An added twist has stretched Mitch and Abbie’s timeline further. It turns out that in 2024, an insect called the periodical cicada is expected to arrive in the area. That’s bad news for a tree that’s just getting started. After spending 17 years underground as nymphs, adult cicadas emerge en-masse, and can cover small trees and lay eggs in the wood, decimating, or at least stunting, the plants. To be safe, the couple won’t be planting fruit trees until at least 2025. They eventually want to raise heritage varieties of apples, as well as pears, plums, and chestnuts.
Long Division
Making good use of delayed gratification means crunching numbers along the way. Otherwise, all the organic matter or avoided pests in the world mean little in the realm of developing a working farm enterprise that generates a viable income. That’s why Hawes put his business school background to work by developing a long-term breakeven spreadsheet.
The spreadsheet consists of 15 columns, and each column represents a year. On the rows that run down the left-hand side of the spreadsheet is a section that represents expenses and a section that represents income. The couple has used the spreadsheet to forecast their expenses for those crucial “setting up” years. They’ve already bought a used tractor and a broadcast seeder, and will eventually need to invest in such things as deer fencing. The long-term view the spreadsheet has developed gives them confidence that these investments will begin to pay off — somewhere around year 10 or 12 when they have marketable products.
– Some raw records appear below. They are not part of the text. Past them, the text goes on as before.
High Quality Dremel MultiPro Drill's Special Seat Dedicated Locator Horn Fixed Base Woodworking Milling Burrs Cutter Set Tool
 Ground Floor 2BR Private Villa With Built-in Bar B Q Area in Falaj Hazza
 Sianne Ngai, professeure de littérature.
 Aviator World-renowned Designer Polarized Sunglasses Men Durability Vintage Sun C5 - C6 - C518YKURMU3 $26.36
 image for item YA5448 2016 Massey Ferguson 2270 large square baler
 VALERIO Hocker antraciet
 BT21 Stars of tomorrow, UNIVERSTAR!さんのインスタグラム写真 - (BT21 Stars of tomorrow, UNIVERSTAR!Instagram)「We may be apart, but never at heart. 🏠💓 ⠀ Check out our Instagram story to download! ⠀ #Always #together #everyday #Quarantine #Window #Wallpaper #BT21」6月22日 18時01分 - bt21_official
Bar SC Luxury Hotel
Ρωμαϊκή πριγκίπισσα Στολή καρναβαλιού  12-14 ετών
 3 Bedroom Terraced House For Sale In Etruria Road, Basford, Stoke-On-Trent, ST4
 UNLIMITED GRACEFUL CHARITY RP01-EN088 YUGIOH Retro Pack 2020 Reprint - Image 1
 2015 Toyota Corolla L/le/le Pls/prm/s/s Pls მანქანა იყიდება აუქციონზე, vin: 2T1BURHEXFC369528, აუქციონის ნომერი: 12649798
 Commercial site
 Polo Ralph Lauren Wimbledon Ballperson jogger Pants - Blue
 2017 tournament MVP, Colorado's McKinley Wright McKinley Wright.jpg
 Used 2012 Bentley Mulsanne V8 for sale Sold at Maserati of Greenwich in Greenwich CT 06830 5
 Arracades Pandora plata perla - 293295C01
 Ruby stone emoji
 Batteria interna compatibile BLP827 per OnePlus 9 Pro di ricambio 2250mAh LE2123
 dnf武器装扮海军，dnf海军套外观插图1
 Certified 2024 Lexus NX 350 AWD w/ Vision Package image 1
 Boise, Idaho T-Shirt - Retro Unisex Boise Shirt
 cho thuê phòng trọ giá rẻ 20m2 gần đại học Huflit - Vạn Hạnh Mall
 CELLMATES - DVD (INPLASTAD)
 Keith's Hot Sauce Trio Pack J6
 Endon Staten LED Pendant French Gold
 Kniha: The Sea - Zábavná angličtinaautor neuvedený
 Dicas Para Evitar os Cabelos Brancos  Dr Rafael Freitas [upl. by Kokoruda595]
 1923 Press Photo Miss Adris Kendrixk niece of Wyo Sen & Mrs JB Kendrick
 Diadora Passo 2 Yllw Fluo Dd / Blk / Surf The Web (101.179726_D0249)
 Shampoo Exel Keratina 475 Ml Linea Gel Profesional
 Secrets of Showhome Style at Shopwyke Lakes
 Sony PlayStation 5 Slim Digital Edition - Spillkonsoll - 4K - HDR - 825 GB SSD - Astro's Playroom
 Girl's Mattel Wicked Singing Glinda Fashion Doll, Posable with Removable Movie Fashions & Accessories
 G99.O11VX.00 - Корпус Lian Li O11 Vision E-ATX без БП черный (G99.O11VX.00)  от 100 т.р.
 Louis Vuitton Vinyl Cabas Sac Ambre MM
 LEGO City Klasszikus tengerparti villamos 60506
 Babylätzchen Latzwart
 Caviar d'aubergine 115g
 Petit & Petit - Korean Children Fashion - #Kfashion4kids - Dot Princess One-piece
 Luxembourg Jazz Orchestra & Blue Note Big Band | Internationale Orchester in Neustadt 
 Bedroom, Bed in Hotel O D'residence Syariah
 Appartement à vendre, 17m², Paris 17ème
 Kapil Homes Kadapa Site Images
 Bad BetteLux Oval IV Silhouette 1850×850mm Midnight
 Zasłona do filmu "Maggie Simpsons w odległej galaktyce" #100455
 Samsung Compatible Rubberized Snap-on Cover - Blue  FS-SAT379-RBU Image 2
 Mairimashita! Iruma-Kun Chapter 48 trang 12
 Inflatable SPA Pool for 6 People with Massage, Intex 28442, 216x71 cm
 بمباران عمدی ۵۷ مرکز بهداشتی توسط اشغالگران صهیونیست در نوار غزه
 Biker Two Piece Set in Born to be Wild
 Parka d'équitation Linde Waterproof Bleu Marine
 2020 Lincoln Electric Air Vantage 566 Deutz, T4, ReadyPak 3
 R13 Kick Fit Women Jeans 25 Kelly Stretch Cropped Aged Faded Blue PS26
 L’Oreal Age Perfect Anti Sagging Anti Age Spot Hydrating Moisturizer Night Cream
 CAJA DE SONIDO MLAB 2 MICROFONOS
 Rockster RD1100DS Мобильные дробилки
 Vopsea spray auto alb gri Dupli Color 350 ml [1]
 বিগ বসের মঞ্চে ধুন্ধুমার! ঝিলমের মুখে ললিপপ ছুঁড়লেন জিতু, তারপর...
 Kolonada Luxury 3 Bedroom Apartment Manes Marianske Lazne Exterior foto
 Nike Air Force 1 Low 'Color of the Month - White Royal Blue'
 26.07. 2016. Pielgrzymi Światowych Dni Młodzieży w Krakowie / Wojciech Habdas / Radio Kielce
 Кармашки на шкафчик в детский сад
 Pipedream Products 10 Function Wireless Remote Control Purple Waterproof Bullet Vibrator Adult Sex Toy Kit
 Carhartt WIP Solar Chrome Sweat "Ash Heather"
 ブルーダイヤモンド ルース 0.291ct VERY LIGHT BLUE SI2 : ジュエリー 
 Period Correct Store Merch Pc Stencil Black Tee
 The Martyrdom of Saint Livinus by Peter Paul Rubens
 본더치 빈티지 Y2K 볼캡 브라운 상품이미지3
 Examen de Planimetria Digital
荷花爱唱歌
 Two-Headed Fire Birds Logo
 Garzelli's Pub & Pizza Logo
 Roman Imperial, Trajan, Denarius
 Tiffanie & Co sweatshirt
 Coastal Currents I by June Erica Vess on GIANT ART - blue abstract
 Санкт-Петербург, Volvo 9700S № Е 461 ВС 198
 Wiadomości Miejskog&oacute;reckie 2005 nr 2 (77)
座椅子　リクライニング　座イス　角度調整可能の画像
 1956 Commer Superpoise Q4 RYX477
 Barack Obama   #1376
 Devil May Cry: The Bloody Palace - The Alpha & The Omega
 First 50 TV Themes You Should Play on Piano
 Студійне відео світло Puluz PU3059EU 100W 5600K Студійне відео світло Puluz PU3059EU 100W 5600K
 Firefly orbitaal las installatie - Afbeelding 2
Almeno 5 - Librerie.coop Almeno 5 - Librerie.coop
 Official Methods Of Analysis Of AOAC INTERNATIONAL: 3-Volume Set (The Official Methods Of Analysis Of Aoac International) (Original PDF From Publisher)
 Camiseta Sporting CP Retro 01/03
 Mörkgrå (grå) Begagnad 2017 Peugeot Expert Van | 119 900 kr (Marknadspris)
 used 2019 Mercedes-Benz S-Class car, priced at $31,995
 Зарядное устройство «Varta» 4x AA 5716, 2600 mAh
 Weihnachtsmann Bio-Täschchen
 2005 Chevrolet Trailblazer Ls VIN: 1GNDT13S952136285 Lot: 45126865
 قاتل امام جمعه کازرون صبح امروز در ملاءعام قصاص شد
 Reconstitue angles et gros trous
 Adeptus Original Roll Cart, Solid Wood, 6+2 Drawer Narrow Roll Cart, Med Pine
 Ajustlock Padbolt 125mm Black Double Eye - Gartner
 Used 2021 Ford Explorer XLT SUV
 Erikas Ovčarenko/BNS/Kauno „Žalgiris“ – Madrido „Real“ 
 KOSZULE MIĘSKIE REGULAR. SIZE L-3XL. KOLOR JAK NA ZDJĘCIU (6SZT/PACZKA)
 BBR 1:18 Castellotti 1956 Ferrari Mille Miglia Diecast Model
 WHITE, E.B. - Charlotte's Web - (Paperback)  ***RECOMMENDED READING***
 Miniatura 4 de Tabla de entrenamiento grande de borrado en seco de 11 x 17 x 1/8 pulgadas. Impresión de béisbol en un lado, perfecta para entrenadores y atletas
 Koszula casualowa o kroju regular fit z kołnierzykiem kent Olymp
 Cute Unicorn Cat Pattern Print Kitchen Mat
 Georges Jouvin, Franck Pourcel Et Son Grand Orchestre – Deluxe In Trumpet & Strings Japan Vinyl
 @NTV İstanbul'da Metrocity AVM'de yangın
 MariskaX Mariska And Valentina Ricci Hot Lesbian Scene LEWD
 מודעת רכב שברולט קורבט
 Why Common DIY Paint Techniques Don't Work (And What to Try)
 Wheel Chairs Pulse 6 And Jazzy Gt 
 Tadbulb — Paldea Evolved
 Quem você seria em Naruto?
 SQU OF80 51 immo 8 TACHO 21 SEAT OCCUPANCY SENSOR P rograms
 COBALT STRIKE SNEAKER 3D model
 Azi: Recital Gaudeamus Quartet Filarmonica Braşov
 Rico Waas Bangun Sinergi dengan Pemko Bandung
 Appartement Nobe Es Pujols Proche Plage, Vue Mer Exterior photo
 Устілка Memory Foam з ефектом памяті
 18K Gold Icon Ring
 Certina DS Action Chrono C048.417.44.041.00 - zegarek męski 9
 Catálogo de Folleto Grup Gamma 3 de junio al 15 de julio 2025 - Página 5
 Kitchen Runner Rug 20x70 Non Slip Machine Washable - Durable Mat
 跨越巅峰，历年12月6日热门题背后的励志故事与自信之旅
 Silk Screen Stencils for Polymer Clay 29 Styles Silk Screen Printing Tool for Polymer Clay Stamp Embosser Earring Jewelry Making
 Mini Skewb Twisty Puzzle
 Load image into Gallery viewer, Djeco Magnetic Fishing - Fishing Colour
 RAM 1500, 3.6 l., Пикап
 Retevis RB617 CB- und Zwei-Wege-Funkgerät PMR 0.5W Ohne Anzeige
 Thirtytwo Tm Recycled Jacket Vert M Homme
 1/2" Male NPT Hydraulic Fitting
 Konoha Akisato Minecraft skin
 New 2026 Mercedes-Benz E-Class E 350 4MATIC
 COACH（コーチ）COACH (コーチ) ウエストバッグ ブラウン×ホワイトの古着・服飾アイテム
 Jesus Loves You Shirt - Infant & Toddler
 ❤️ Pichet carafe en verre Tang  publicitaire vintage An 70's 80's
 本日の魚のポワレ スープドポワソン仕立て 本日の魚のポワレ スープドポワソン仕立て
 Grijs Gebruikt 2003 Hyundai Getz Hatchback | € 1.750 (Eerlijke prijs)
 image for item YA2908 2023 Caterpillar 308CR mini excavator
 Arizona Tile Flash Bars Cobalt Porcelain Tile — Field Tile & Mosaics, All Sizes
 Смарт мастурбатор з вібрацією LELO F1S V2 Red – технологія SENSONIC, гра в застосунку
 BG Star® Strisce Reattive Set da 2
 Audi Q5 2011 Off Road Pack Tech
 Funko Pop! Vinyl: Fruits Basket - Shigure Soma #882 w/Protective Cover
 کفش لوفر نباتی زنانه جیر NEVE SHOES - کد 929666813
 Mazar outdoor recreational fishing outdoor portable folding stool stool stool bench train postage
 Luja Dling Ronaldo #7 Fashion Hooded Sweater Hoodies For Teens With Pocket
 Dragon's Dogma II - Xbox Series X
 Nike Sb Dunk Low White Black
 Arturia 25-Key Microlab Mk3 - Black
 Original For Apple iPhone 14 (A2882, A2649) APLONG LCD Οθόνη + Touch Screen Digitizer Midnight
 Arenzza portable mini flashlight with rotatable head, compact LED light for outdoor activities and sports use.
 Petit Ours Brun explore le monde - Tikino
And the couple feels permaculture is the kind of enterprise that can be prepped for over the years while they hold down off-farm jobs and maintain good cash flow; Baldwin is employed at Ethos Green Power in nearby Viroqua, Wis., and Hawes works remotely for an insurance company.
“It’s way more fun to look at apple varieties than it is to put together a breakeven spreadsheet, but the breakeven spreadsheet is arguably more important than understanding the varieties,” says Hawes
They are also spending their planning years figuring out such strategies as whether to sell apples wholesale or if they should bring customers to their farm via a u-pick enterprise — or a combination of both. In a sense, that spreadsheet isn’t just predicting financial breakevens — it’s also trying to forecast what role Hawes and Baldwin can play in making the planet a better place. The more their farm provides a fulltime income, the more they can concentrate on building its ecological resiliency.
“It’s broader than just making money off of our crops,” says Baldwin. “Through permaculture classes and then Farm Beginnings, we began to see agriculture as a way to steward the land in a sustainable, regenerative way. It gave me hope that we can improve the soil and the quality of our food — they don’t have to be separate things.”